I'm stuck proving this result...
Let $a$ be a positive even integer and $m$ a positive integer.
Show that $$a^m\sum_{k=0}^{m}\frac{(-1)^k {2k \choose k}a^{-k}}{2^{2k}} $$ can be rewritten as $$\frac{2K+1}{2^b}$$ where $K\in \mathbb Z$ and $b$ satisifies $$b=m+e_b$$ where $e_b$ is the exponent of $2$ in $m!$
I really don't know how to begin... Thanks for your help.

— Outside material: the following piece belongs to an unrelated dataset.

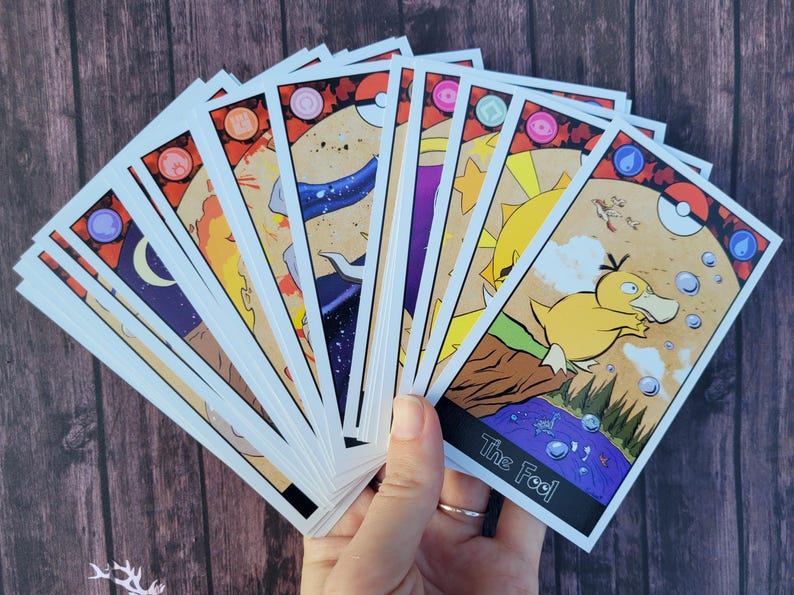 May include: A set of tarot cards featuring illustrations of various Pokemon characters. The cards are spread out in a fan shape, with the card labeled "The Fool" visible in the foreground. The Fool card features a yellow Pokemon with a blue water droplet on its head.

We have $$a^m\sum^m_{k=0}\frac{(-1)^k\binom{2k}{k}a^{-k}}{4^k}=\frac{x}{2^{m+e}}$$
where $x$ is odd $$\sum^m_{k=0}\binom{2k}{k}(-4)^{-k}a^{m-k}=\frac{x}{2^{m+e}}=\frac{x2^{m-e}}{4^m}$$ If $m$ is even, then the parity of $-k$ is the same as $m-k$ and we can safely manipulate $$\sum^m_{k=0}\binom{2k}{k}(-4a)^{m-k}=x2^{m-e}\tag{1}$$ If not, the sign of the whole sum gets inverted, but this does not change the parity of it.By the same token as robjohn's answer, we have that $$\text{number of factors 2 in n!}=\nu_2(n) =\sum_{i=0}^kn_i\left(1+2+2^2+\dots+2^{i-1}\right)$$ Where $n_i$ are the i th coefficients of the binary representation of $n$. Since the binary representation of $2n$ is just the one of $n$ shifted one number to the left, we then have that $$ \begin{align} \nu_2(2n) &=\sum_{i=0}^kn_i\left(1+2+2^2+\dots+2^{i-1}+2^i\right)\\ &=\nu_2(n)+\sum_{i=0}^kn_i2^i=\nu_2(n)+n \end{align}$$ Then, the number of factors $2$ in the last term of $(1)$ is $$\nu_2(m)+m-2\nu_2(m)=m-v_2(m)=m-e$$
So now we just have to show that the other terms are an even multiple of $2^{m-e}$.
We then have that the exponent of two of the penultimate term is $$[m-1-\nu_2(m-1)]+2=m+1-\nu_2(m-1)$$ Since $\nu_2(m-1)\le\nu_2(m)$, we have $$m-\nu_2(m)\le m-\nu_2(m-1)<m+1-\nu_2(m-1)$$ Therefore the exponent of two in the last term is strictly smaller than the previous one,i.e. all the other terms are an even multiple of it. Finally, we know that $2^{m-e}$ is the highest power of $2$ that divides our expression.